Seriously, the word “Big” only emphasizes the size element, and that is a sure way to miss the essence of the data business. And many folks are missing even that little point by calling all decision-making activities that involve even small-sized data “Big Data.” It is entirely possible that this data stuff seems all new to someone, but the data-based decision-making process has been with us for a very long time. If you use that “B” word to differentiate old-fashioned data analytics of yesteryear and ridiculously large datasets of the present day, yes, that is a proper usage of it. But we all know most people do not mean it that way. One side benefit of this bloated and hyped up buzzword is data professionals like myself do not have to explain what we do for living for 20 minutes anymore by simply uttering the word “Big Data,” though that is a lot like a grandmother declaring all her grandchildren work on computers for living.
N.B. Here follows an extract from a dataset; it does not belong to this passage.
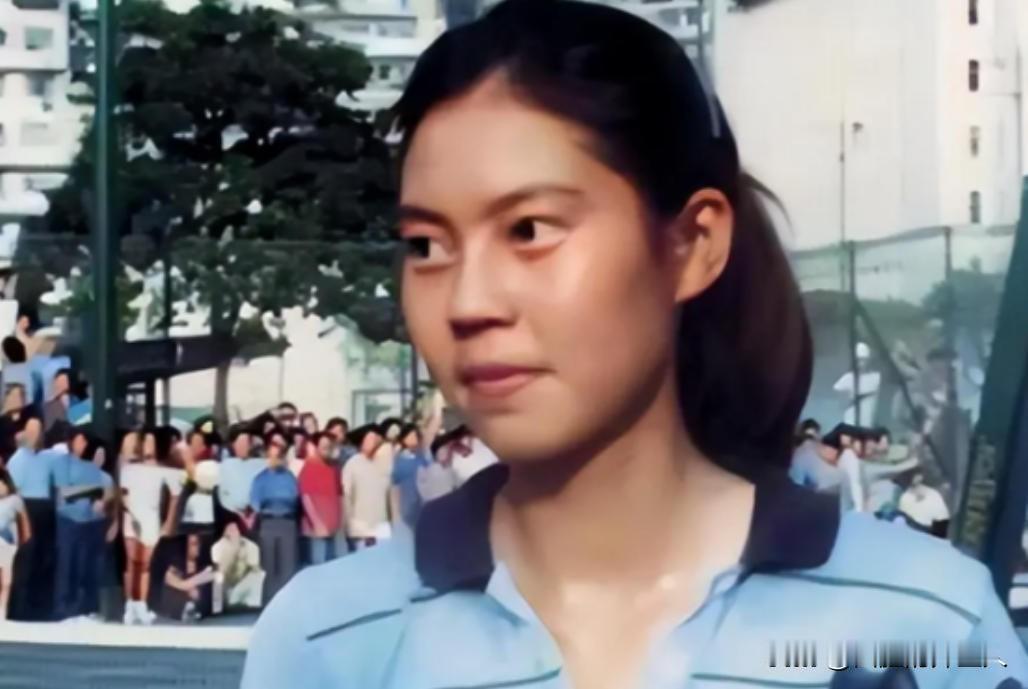 1982年，她在比赛期间背叛了祖国，以“政治避难”为由投向了美国的怀抱，令中国队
Better yet, that magic “B” word sometimes opens doors to new business opportunities (or at least a chance to grab a microphone in non-data-related meetings and conferences) that data geeks of the past never dreamed of.

So, I guess it is not all that bad. But lest we forget, all hypes lead to overinvestments, and all overinvestments leads to disappointments, and all disappointments lead to purging of related personnel and vendors that bear that hyped-up dirty word in their titles or division names. If this Big Data stuff does not yield significant profit (or reduction in cost), I am certain that those investment bubbles will burst soon enough. Yes, some data folks may be lucky enough to milk it for another two or three years, but brace for impact if all those collected data do not lead to some serious dollar signs. I know how the storage and processing cost decreased significantly in recent years, but they ain’t totally free, and related man-hours aren’t exactly cheap, either. Also, if this whole data business is a new concept to an organization, any money spent on the promise of Big Data easily becomes a liability for the reluctant bunch.
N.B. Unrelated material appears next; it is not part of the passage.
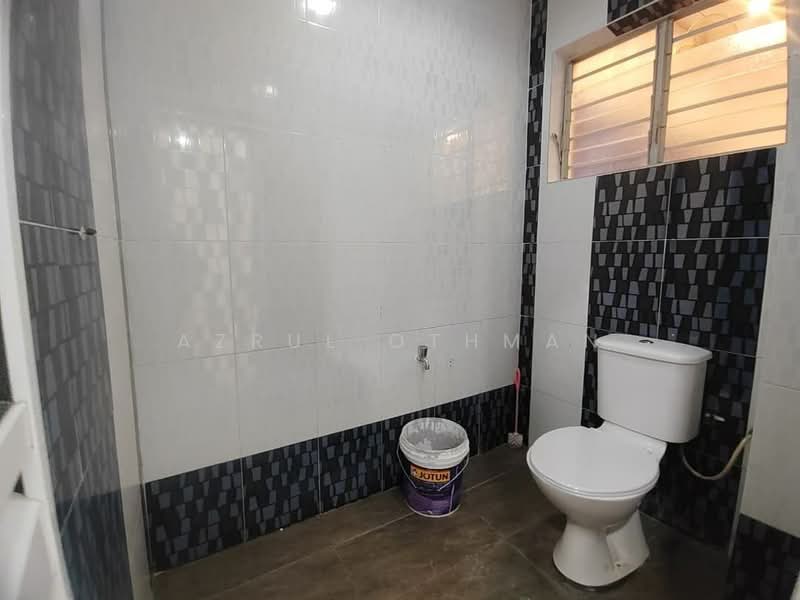 2-storey Terraced House for Sale in Senawang (Negeri Sembilan) - Azrul Othman - Bathroom - PropertyGuru.com.my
This is why I open up my speeches and lectures with this question: “Have you made any money with this Big Data stuff yet?” Surely, you didn’t spend all that money to provide faster toys and nicer playgrounds to IT folks? Maybe the head of IT had some fun with it, but let’s ask that question to CFOs, not CTOs, CIOs or CDOs. I know some colleagues (i.e., fellow data geeks) who are already thinking about a new name for this—”decision-making activities, based on data and analytics”—because many of us will be still doing that “data stuff” even after Big Data cease to be cool after the judgment day. Yeah, that Gangnam Style dance was fun for a while, but who still jumps around like a horse?

Now, if you ask me (though nobody did yet), I’d say the Big Data should have been “Smart Data,” “Intelligent Data” or something to that extent. Because data must provide insights. Answers to questions. Guidance to decision-makers. To data professionals, piles of data—especially the ones that are fragmented, unstructured and unformatted, no matter what kind of fancy names the operating system and underlying database technology may bear—it is just a good start. For non-data-professionals, unrefined data—whether they are big or small—would remain distant and obscure. Offering mounds of raw data to end-users is like providing a painting kit when someone wants a picture on the wall. Bragging about the size of the data with impressive sounding new measurements that end with “bytes” is like counting grains of rice in California in front of a hungry man.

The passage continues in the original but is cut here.